This project is aimed to provide a customized solution of quicker and more satisfying food order and delivery system under the digital business trend. For the food order part, a “Pizza Hot” website and mobile applications are implemented for customers to view dishes and place orders. Meanwhile, restaurant managers are able to manage dishes, orders, comments by logging in the website management dashboard. For the food delivery part, an intelligent delivering system is built, including a mobile application for delivery staff and a smart delivery box integrated with a micro-controller temperature sensor, WiFi and GPS modules, which can show temperature of pizza, time, and current location on the screen as well as navigate delivery staff to next delivery by audio output.

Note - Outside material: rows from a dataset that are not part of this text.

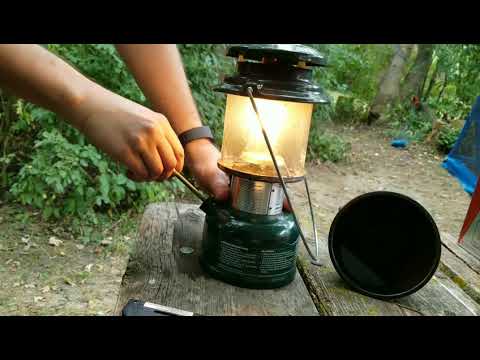 How to light a Coleman 286 adjustable lantern step by step - YouTube
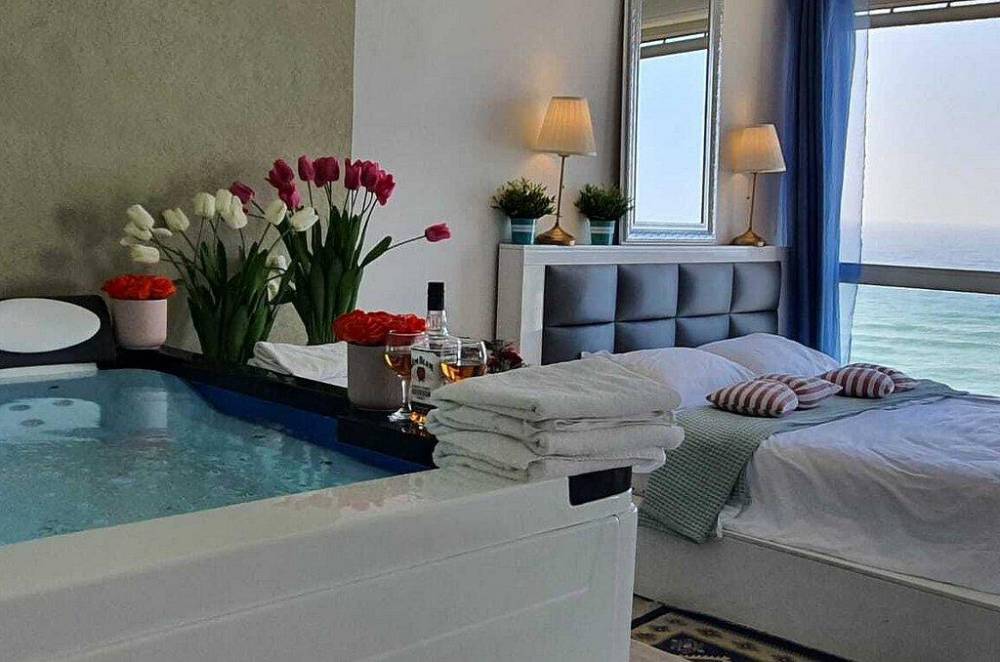 100377 כללי, רויאל חוף צאנז וגקוזי איטלקי מול גלי הים, וילה  בנתניה וילות - Vila 4 U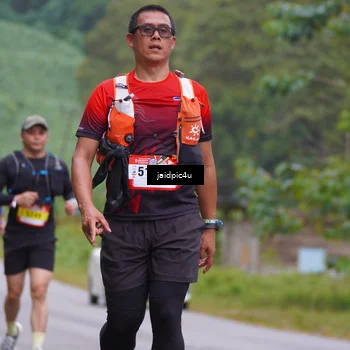 Runner Photo 5055070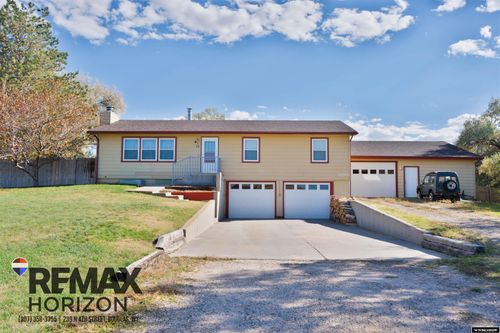 28 Lakeview Dr, Douglas, WY, 82633-9001 | Card Image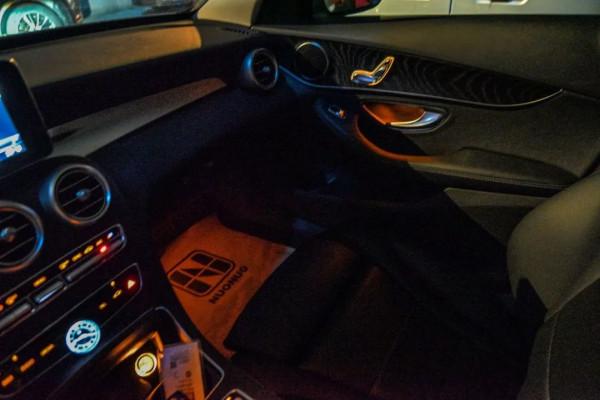 賓士 C200:4年車齡新C旅,優雅美麗5折售 賓士 C200:4年車齡新C旅,優雅美麗5折售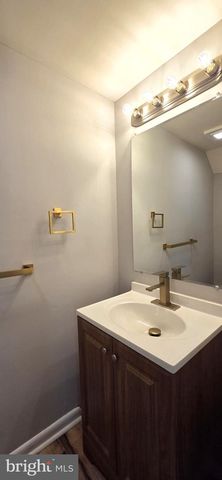 4 LYONS CT, Sicklerville, NJ 08081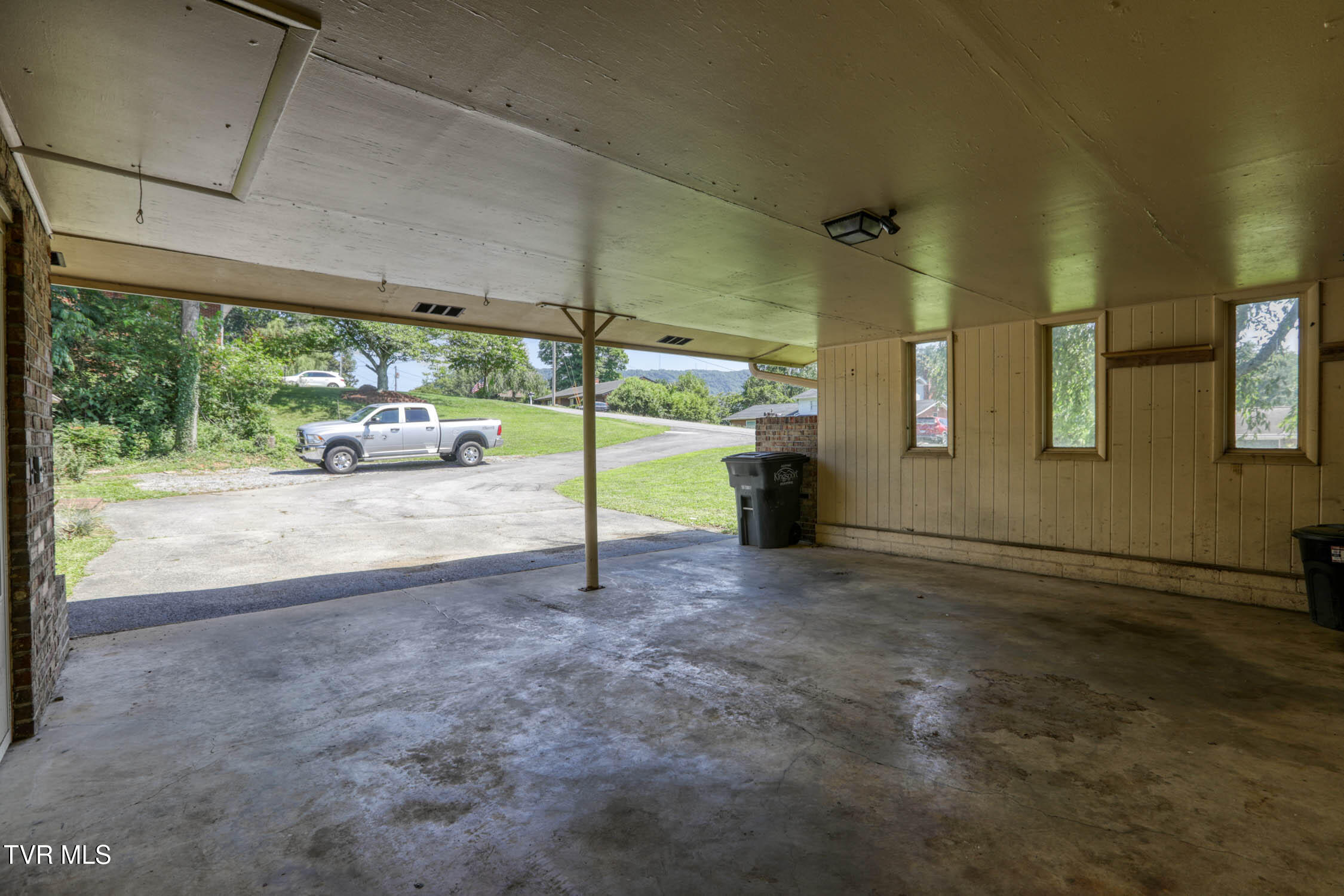 2136 Heatherly Road Kingsport, TN 37660 - Photo 38 of 51 2136 Heatherly. Kpt MLSb (25 of 52)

This MEng project is to implement and extend a business model proposed by four students in Digital Businesses Strategy class from Johnson School. It is an events finder targeting specifically on all the events in Cornell and college town. It contains a website, an iOS application and a ticker. The skill needed for the project are web full stack development, iOS application development, cross platform database management and embedded system development. A website and an iOS application which support events displaying, searching, posting and cross platform data synchronization has launched. A Raspberry Pi based arcade machine which can show upcoming events and allow people to play game with the joystick and buttons on it is also built. Compared with similar events finders, this event finder could overtake them because it is more informative, highly localized and cross-platform.

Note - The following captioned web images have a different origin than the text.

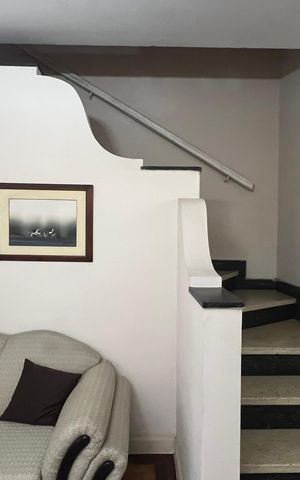 Casa à venda com 280m², 3 quartos e 3 vagas Casa à venda com 280m², 3 quartos e 3 vagasEscada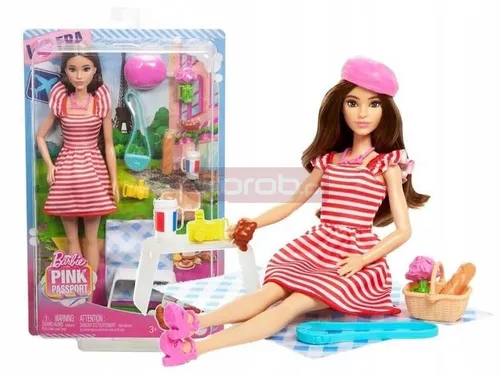 LALKA BARBIE PINK PASSPORT FRANCJA PARYŻ lalka + akcesoria zestaw do zabawy HWH99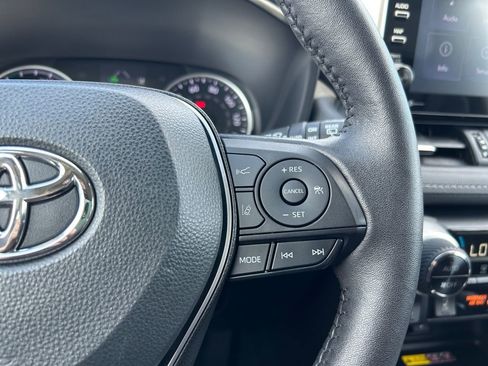 Used 2022 Toyota RAV4 XLE Premium image 19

Dongle, Database, and GUI for Managing Unique Bird Tag IDs
Our project is an interdisciplinary project including Biology and ECE fields. Our team has four members and we are responsible for the ECE part. First of all, we developed a USB dongle containing a receiver to detect tag codes and a GPS receiver to record location. As for the tag part, we designed a new tag with a smaller solar beeper which can utilize the solar energy more efficiently. In addition, we also extended and refined the GUI and its interaction with the cloud- based database. After the project is finished, field biologists can use this device with a laptop computer to capture tag codes, times and locations as they are deployed, along with species and band number of the animals being tagged. Whenever a tag ID is recovered through RF communication in the field, similar data will be recorded and stored to the cloud-based database. It is a very meaningful project for protecting the endangered birds. What’s more, this project can also be applied to other endangered animals.
Real-Time ROSberry Pi SLAM Robot
A realtime monocular (single camera) visual Simultaneous Localization And Mapping (SLAM) robot is built utilizing a server-node based computational approach. The core of the robot is a Raspberry Pi 2 with a Robot Operating System (ROS) wrapper over the Raspbian Wheezy Linux kernel. Different nodes from the robot communicate with the server to map its location based on its surroundings using ORB-SLAM, with loop detection and re-localization capabilities.
Foot Motion Capture
At the present time, there is only anecdotal evidence concerning possible design issues with Firefighter boots. This motion capture system is used to define the possible problems when Firefighter boots are being used. The system has three functions: data detection, data collection, data display. SV03A rotary sensors are being used in this system to detect the angle change data of ankle of the foot. Its biggest advantage is that it fits into the small room of Firefighter boots. Data collection part uses Arduino Uno micro-controller to realize its function. Once the angle change has been detected by the sensor, micro-controller will filter the data and transfer it from voltage to angle data and finally store it locally on a SD card by using the SD card shield. Last function for this system is to display data in animation form. After finishing collecting data in an experiment, data will be uploaded to a Processing program and display the data out in an animation form.
Parallel Programming in a Raspberry Pi Cluster
The aim of the project is to build a Symmetric Multi-Processing (SMP) and Asymmetric Multi- Processing (ASMP) Platforms to develop Parallel Applications. The Project is planned to be used as a Lab project for the course “ECE5725 – Design with Embedded Operating System”. Aimed at providing the students with exposure to SMP and ASMP in an inexpensive but solid way, the Project was built using Raspberry Pi 2 Model B embedded computers. Raspberry Pi 2 being a four core processor with shared physical memory acted as an excellent platform for SMP. Meanwhile, for ASMP, a server cluster was built by connecting four Raspberry Pi’s using an Ethernet network router. Sobel Filter Edge Detection was chosen as a target application to analyze the performance and also to be used as a lab exercise for the course. Sobel filter with its two Dimensional array computation turned out to be an excellent application to learn the corner cases that are associated with the parallelization of a program. SMP and ASMP Programs, both individually and also as a hybrid, achieved the four and ten times better performance than sequential programming respectively.